Expected value is a term from probability theory which refers to what your payoff from a certain decision is based on all possible outcomes. In the case of a lottery ticket this would be the percentage of tickets that win any particular prize multiplied by that prize, and then you sum it all up and compare it to the cost of a ticket. For lotteries this is always negative as that’s the only way the lottery company makes money.

**+EV in other contexts**

Positive Expected Value or +EV is a common term in poker theory. You want to make the right bet size or fold that maximizes your winnings over all potential cards your opponents may have and which cards may be coming.

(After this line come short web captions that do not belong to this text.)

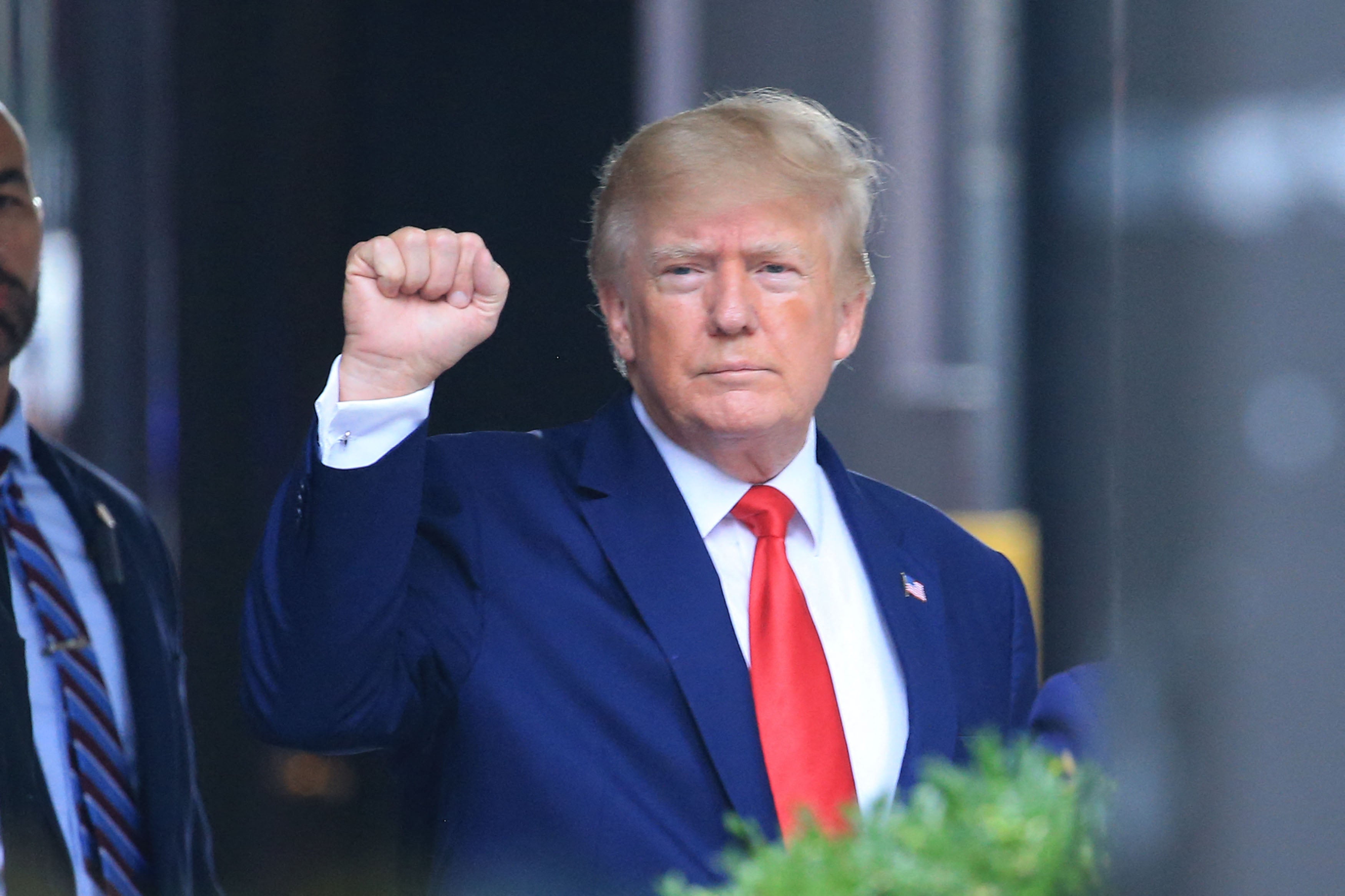 Former US President Donald Trump raises his fist while walking to a vehicle outside of Trump Tower in New York City on August 10, 2022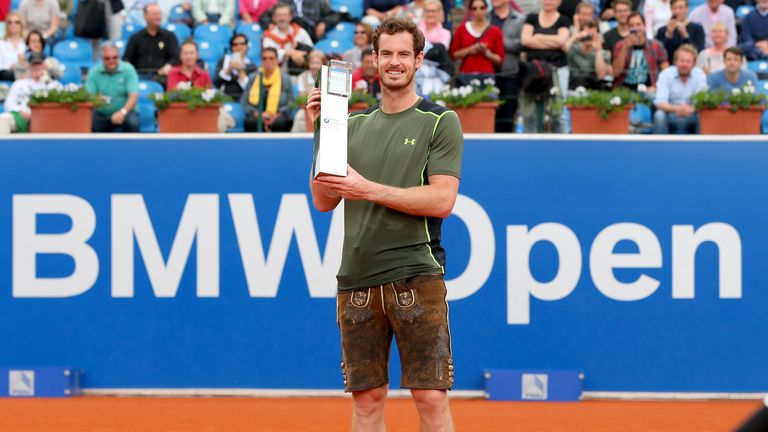 Andy Murray poses in a traditional bavarain Lederhosen after winning the BMW Open in Munich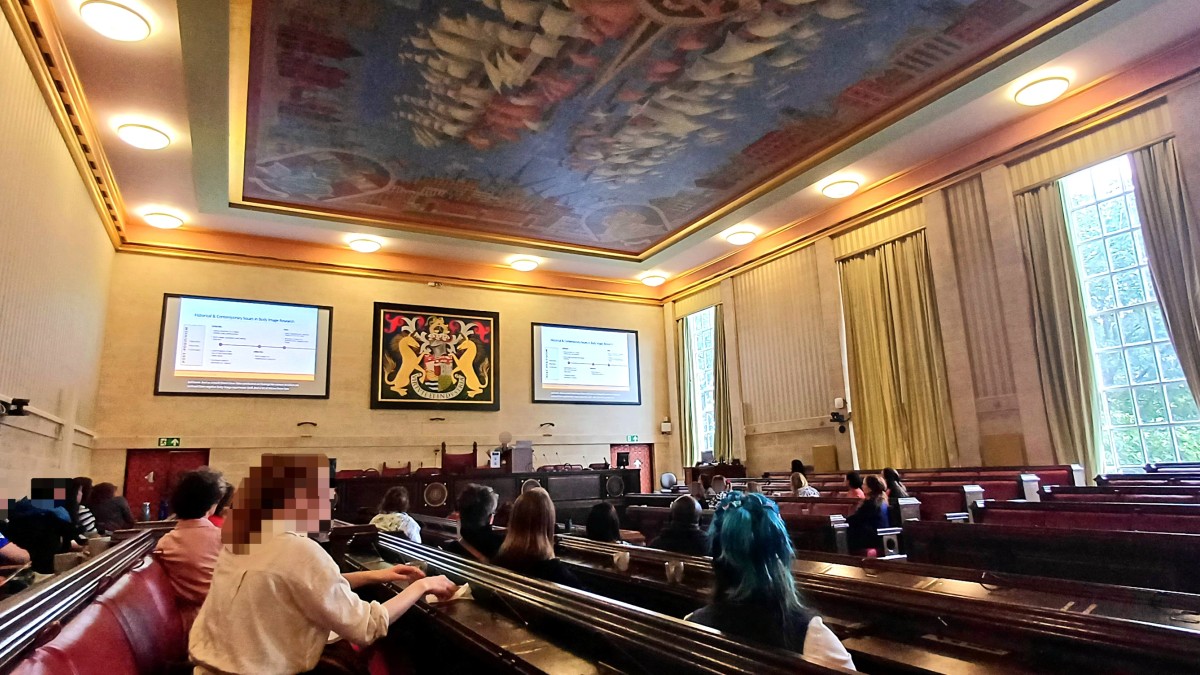 People sit in rows in a large, ornate room with projectors on the wall.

Poker has a ton of variance so you may be making +EV decisions and still lose a lot of money in the short term. Gold making luckily has much less randomness, but the framework is still useful as you have no idea what will happen over the next week, month or year.

**Appliying it to decision making**

The idea is simply to consider all possible outcomes before making a decision and trying to ensure your decision will be profitable on average if you played out the subsequent scenario thousands of times.

For flipping this will mean that you accept that some of your purchases will turn into losses, as long as you are profitable on average in that particular market.

**Can you use this while flipping?**

I’ve actually implemented this idea in my material flipping settings. I used to have a check that was based on my average buy price to ensure I never lost gold. I don’t anymore I just let both my thresholds change with dbmarket.

On average this approach will be profitable, but I will take losses when the price goes down on an item, which obviously happens with semi-regular frequency.

**Plan to minimize losses, not eliminate them completely**

Ultimately it is about accepting the fact that you may incur losses and trying to make sure that they are small enough that you are still profitable in the long run. Having this awareness means you will take easier when you lose out some gold. You will also be making a profit which is the main point of this.

**A simple framework**

For any flipping markets a simple way to compute your expected value is to compare your minimum auctioning price to your maximum shopping price. A large difference will decrease the chance you lose gold, while limiting the number of deals you can find.

Never expect to sell items for more than dbmarket, as it is just in some select markets and on some realms. An even safer approach would be to compare your purchasing price with the region sale average price which is generally much lower than dbmarket. It does depend on the realm though and on some high pop realms dbmarket may be higher.